Anak yang perlu pemanasan biasanya tidak terlalu berani, tetapi tidak pula penakut; ia cenderung berhati-hati terhadap lingkungan yang baru. Ia hanya memerlukan waktu untuk menyesuaikan diri dengan lingkungan baru. Setelah beberapa waktu, mereka biasanya memperoleh kepercayaan dirinya kembali sehingga ia bisa menjadi begitu berani seperti anak-anak yang mudah. Dengan orang yang belum dikenal mereka biasanya diam, tetapi setelah kenal, mereka biasanya segera akrab. Anak-anak seperti ini perlu diberi motivasi atau dorongan semangat terlebih dulu. Waktu pemanasan yang dibutuhkan oleh anak untuk menyesuaikan diri dengan lingkungan baru bisa dipersingkat dengan latihan-latihan.
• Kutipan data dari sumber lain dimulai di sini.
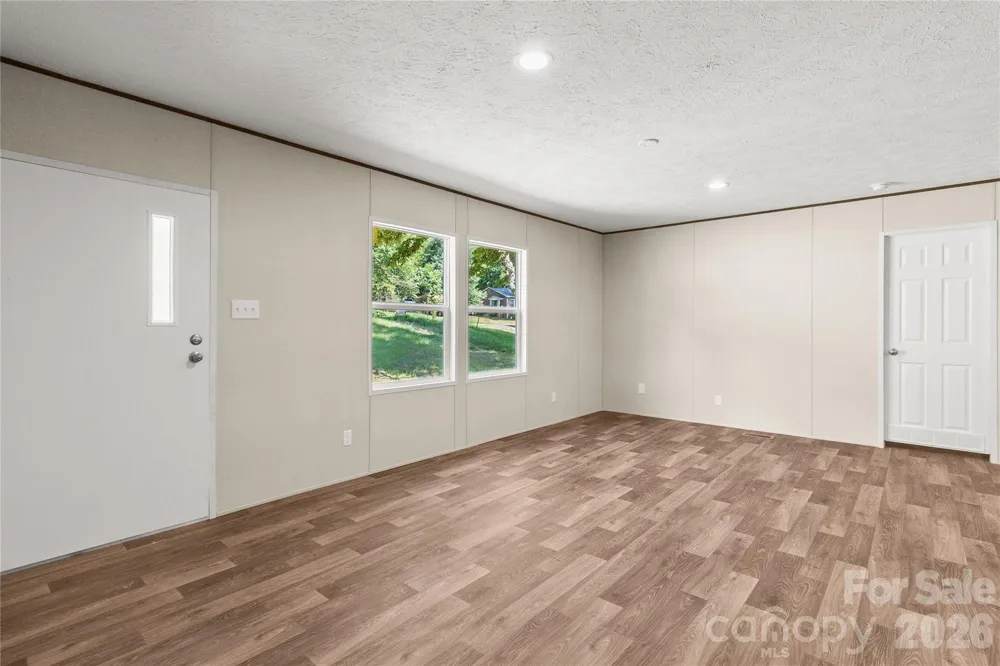 34 S Gaither Avenue Newton, NC 28658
Sebelum anak dilatih dengan membawanya ke tempat-tempat baru baginya, lebih baik jika diberi pengertian dan motivasi terlebih dulu agar ia tidak terlalu terkejut dan sudah sedikit mengenal lingkungan baru tersebut melalui cerita ibunya. Dapat juga dengan memberinya permainan-permainan yang mendorong tumbuhnya keberanian.
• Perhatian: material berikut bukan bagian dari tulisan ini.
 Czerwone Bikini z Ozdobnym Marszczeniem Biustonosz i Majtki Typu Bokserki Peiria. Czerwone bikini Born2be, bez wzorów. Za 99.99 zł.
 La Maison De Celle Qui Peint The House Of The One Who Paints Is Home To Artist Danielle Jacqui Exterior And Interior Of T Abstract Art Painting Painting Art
Anak yang sulit cenderung pasif, pemalu dan penakut; terlalu bergantung pada orangtua atau pengasuhnya; sering selalu mengikuti atau membuntuti ibu atau ayahnya. Jika disapa sering menghindar, bahkan bersembunyi di balik perlindungan orangtuanya. Ia sering memiliki rasa takut dan khawatir yang berlebihan jika berada di lingkungan yang baru. Anak tipe ini biasanya mudah diatur dan dikendalikan karena sangat bergantung kepada orangtua. Cara mengurangi rasa kekhawatirannya yang berlebihan ini adalah dengan pembiasaan, pemberian pengertian, dan motivasi, di samping selalu meningkatkan keberanian si anak.

Potensinya Sama
Pada dasarnya setiap anak mempunyai potensi dan kemampuan untuk bersosialisasi, tinggal bagaimana para orangtua dan orang-orang yang dekat dengan anak berupaya untuk mengasahnya. Hal ini dapat dilakukan dengan beberapa hal sederhana berikut:
Sesering mungkin anak diajak berkomunikasi, misalnya ketika ia sedang menangis atau marah-marah; tanyakan apa yang membuatnya marah, kemudian diarahkan supaya sang anak mencari solusinya.
Melatih anak untuk peka terhadap lingkungannya, misalnya ketika temannya marah kepadanya, anak diajarkan untuk menghadapinya dengan tenang, lalu menanyakan masalahnya dan mau meminta maaf jika ia yang bersalah.
Hendaknya setiap orangtua menghindari memanjakan anak secara berlebihan, karena hal ini akan menjadikannya kurang tangguh ketika ia ditimpa dengan berbagai masalah.